Holy! I've tried to solve it but it's really hard, notso much because of the a1 rook but rather because of getting the king on the right place. I either couldn't get there because of the bisshop or because of the Queen. Even putting a black Knight in the bisshop's place is no option, because you either check the king, which can only be solved by capturing the knight, or via b3, but then you have to capture the bisshop which has to be replaced by a promoted pawn, which is impossible because there are too few pieces so that the h-pawn can promote on a black square. I am sure there is a solution, but I don't know were I went wrong.
My compliments Remellion, it is a great puzzle again.

@Cyklope: #428 illegal with white to move, legal with black to move. And you seem to have retro skills too! The more the merrier.
@chaotic_iak: Now I've had some sleep. Solution PM'ed. Very nicely conceived.
@BigDoggProblem: Yeah, that's true. There are many strong solvers/composers lurking around. Getting the uninitiated familiar with the common tricks is kind of tricky (...) since it needs lots of time and basic positions. I suppose the best way would be to provide simple problems and outright say "this is legal; what happened?" rather than letting them determine legality themselves.
@lixinzheng and Cyklope: Sure. It was actually a twin of #287, which is quite a bit easier and probably should be tried first. I don't think many more will get this one so here's one solution; the trick is to get an "extra" black piece from where it's not needed.
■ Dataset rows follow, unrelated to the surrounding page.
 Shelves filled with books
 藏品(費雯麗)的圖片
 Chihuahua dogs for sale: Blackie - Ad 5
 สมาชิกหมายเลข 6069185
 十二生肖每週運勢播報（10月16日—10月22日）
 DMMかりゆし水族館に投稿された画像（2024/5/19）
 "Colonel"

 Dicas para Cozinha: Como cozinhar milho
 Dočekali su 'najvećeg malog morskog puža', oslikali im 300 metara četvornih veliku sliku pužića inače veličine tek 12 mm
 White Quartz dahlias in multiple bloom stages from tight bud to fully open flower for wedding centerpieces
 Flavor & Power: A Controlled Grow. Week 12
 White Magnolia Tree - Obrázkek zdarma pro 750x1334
Now I suddenly feel like wanting to start a thread for introducing people to retro problems (by giving really simple stuff)... Not sure how many people will be interested though. Also, not sure a forum thread works good for that.

I've been following this thread for a while, haven't chimed in much because people keep posting the solutions before me (I will never forgive you). There have been a few that I couldn't get, like the 6 pawns in a row for both sides, and some of Remellion's really insane ones. I am by far not the best solver here! I would find a thread with common tricks and motifs pretty nice, especially since I am having problems composing positions. Also, if anyone has tips for composing, I would like to hear them very much

OK, I've started an intro thread for retros. Click here.
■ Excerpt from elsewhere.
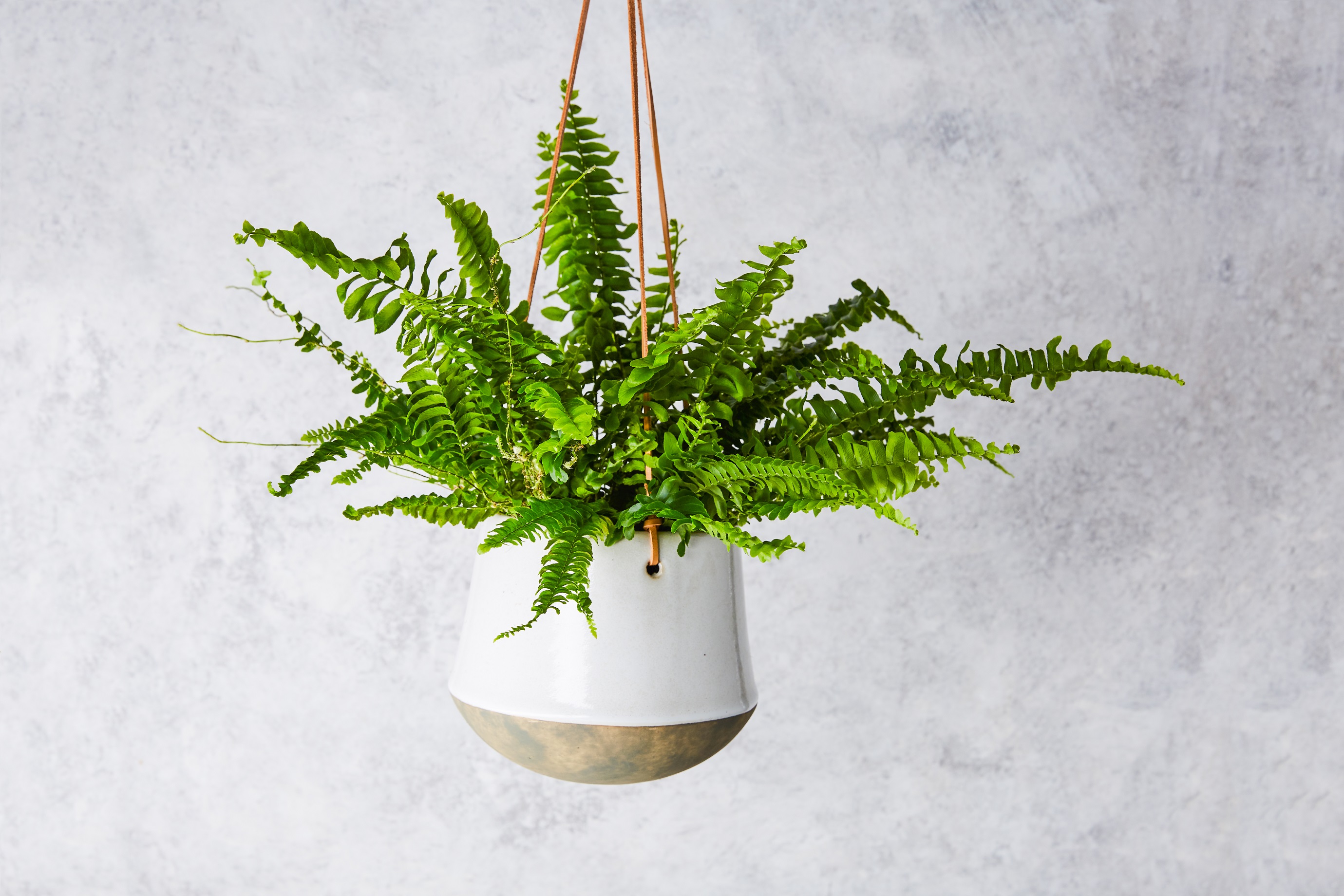 Forest Small Nephrolepis Fern House Plant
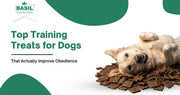 Top Training Treats for Dogs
442- took a first glance, then realized some interesting things. I'll get back to it.
443- trivially legal
manshator: Correct. And so part b:
b) What color/piece, if any, can replace Nh2 to make the position legal?
(Clearly if it remains a black piece, then nothing but black bishop can replace it by the analysis. It remains to show whether with black bishop the position is legal, and whether using a white piece works...)
Cyklope: Good analysis, but as specified before, Rf1 is promoted from g2xf1 and was a pawn. There are six remaining pieces where axbxcxdxexf7 can take five. It's only a step away.